Search code examples
phpregexpreg-replacepreg-matchsimple-html-dom

preg_match or preg_replace to get only number from html code


I am having a bit trouble to get only number from specific part of html code, i am parsing one page and output of content looks like this.

<div class="priceitem"> 1,098&nbsp;USD <span id="XUwt-price-mb-aE068a15dcca8E168a15dcca8-tooltipIcon" class="tooltip-icon afterPrice info-icon"> <svg class="" xmlns="http://www.w3.org/2000/svg" viewBox="0 0 200 200" width="100%" height="100%"><use xlink:href="#common-icon-icon-info"></use></svg> </span> <br></div>

I am using simplehtmldom to get content, so everything inside priceitem get output with it.
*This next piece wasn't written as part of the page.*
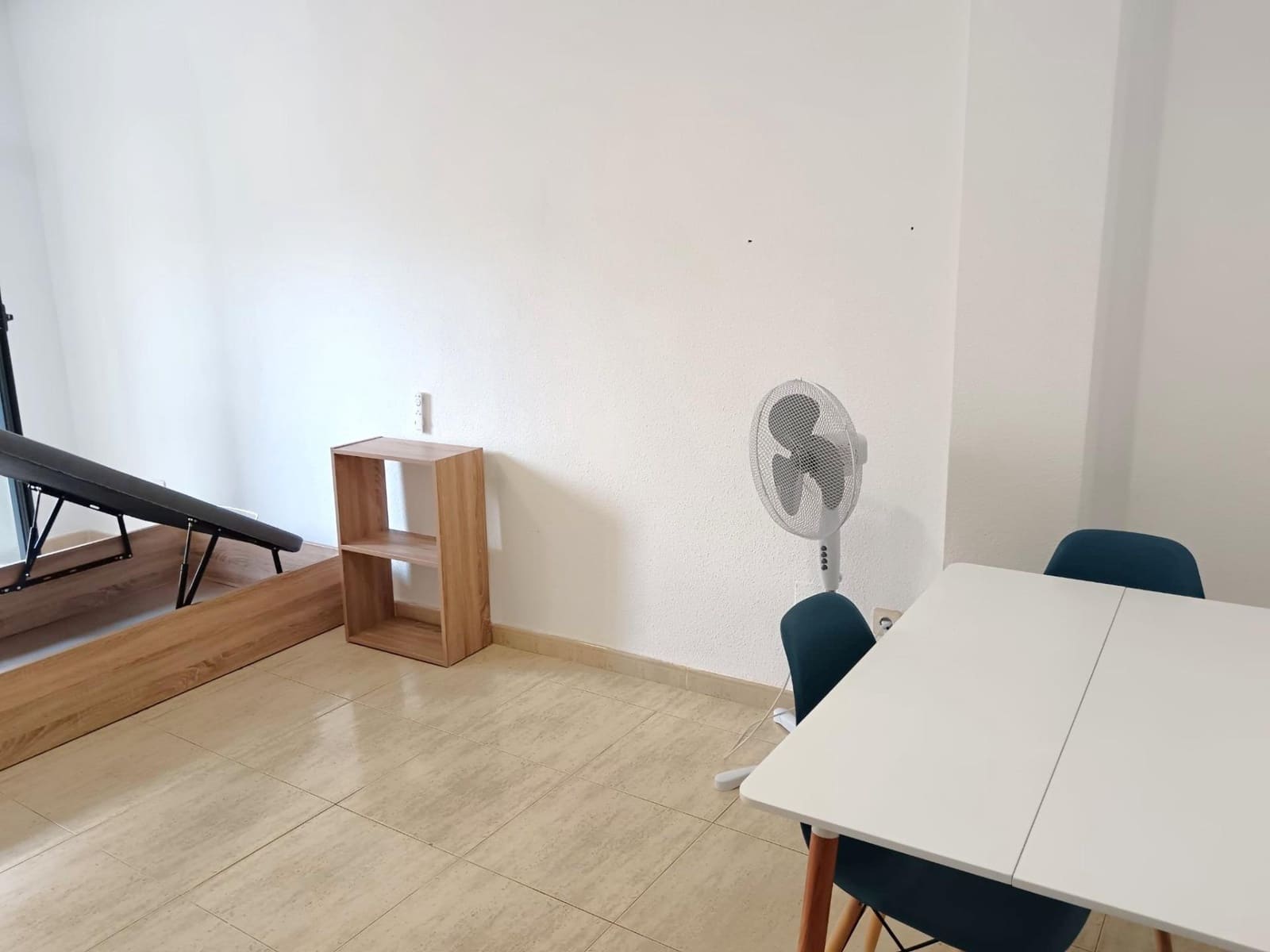 4 makuuhuone Huoneisto vuokrattavana paikassa Orihuela - 325 € (Ref: 9420003)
Can i somehow use preg_match to match pattern or preg_replace to get only price number like 1,098.

The price can change so sometimes it will be only 29 usd which will output 29&nbsp;USD, sometimes price can be 305&nbsp;USD, but over 1k it will have comma which i don't need really.

Here is my attempt on everything:

foreach($html->find('div.priceitem') as $element) {
    $pricenum = preg_match("/([^\s]+)/","", $element->innertext);
    echo $pricenum;
}

Solution

  • Here's a pattern that should get you all possible prices:

    (\d{1,3}(?:,\d{1,3})*)+(?=&nbsp;USD)
    

    The idea is, the numbers are in blocks of 1-3 digits, groups with a leading comma are allowed but not required after a regular block. &nbsp;USD is as an anchor.

    Online sample

    However, if you are only interested in the integer part, removing the comma is still the best option: str_replace(',', '' , $string);